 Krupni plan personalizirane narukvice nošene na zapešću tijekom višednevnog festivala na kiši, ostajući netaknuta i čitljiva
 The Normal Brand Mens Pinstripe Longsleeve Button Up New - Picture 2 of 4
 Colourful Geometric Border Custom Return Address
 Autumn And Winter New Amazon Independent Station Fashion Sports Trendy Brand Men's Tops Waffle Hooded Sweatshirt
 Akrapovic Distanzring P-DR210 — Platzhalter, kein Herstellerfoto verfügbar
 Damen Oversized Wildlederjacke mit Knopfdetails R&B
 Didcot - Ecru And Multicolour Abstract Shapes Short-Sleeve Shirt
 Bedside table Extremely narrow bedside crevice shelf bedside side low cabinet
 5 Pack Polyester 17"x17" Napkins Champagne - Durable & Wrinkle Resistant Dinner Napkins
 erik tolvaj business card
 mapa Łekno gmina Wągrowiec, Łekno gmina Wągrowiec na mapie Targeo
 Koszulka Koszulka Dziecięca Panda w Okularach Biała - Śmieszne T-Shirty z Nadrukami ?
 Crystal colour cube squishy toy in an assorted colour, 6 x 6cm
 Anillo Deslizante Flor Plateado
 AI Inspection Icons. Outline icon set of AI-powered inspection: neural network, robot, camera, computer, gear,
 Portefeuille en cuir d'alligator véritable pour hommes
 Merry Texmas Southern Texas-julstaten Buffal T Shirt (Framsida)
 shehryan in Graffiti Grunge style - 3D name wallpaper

★ ★ ★

EXERCISE INSTRUCTIONS:
All of the records above are to be returned exactly as they stand.

ANSWER FOR THE TASK:
 Krupni plan personalizirane narukvice nošene na zapešću tijekom višednevnog festivala na kiši, ostajući netaknuta i čitljiva
 The Normal Brand Mens Pinstripe Longsleeve Button Up New - Picture 2 of 4
 Colourful Geometric Border Custom Return Address
 Autumn And Winter New Amazon Independent Station Fashion Sports Trendy Brand Men's Tops Waffle Hooded Sweatshirt
 Akrapovic Distanzring P-DR210 — Platzhalter, kein Herstellerfoto verfügbar
 Damen Oversized Wildlederjacke mit Knopfdetails R&B
 Didcot - Ecru And Multicolour Abstract Shapes Short-Sleeve Shirt
 Bedside table Extremely narrow bedside crevice shelf bedside side low cabinet
 5 Pack Polyester 17"x17" Napkins Champagne - Durable & Wrinkle Resistant Dinner Napkins
 erik tolvaj business card
 mapa Łekno gmina Wągrowiec, Łekno gmina Wągrowiec na mapie Targeo
 Koszulka Koszulka Dziecięca Panda w Okularach Biała - Śmieszne T-Shirty z Nadrukami ?
 Crystal colour cube squishy toy in an assorted colour, 6 x 6cm
 Anillo Deslizante Flor Plateado
 AI Inspection Icons. Outline icon set of AI-powered inspection: neural network, robot, camera, computer, gear,
 Portefeuille en cuir d'alligator véritable pour hommes
 Merry Texmas Southern Texas-julstaten Buffal T Shirt (Framsida)
 shehryan in Graffiti Grunge style - 3D name wallpaper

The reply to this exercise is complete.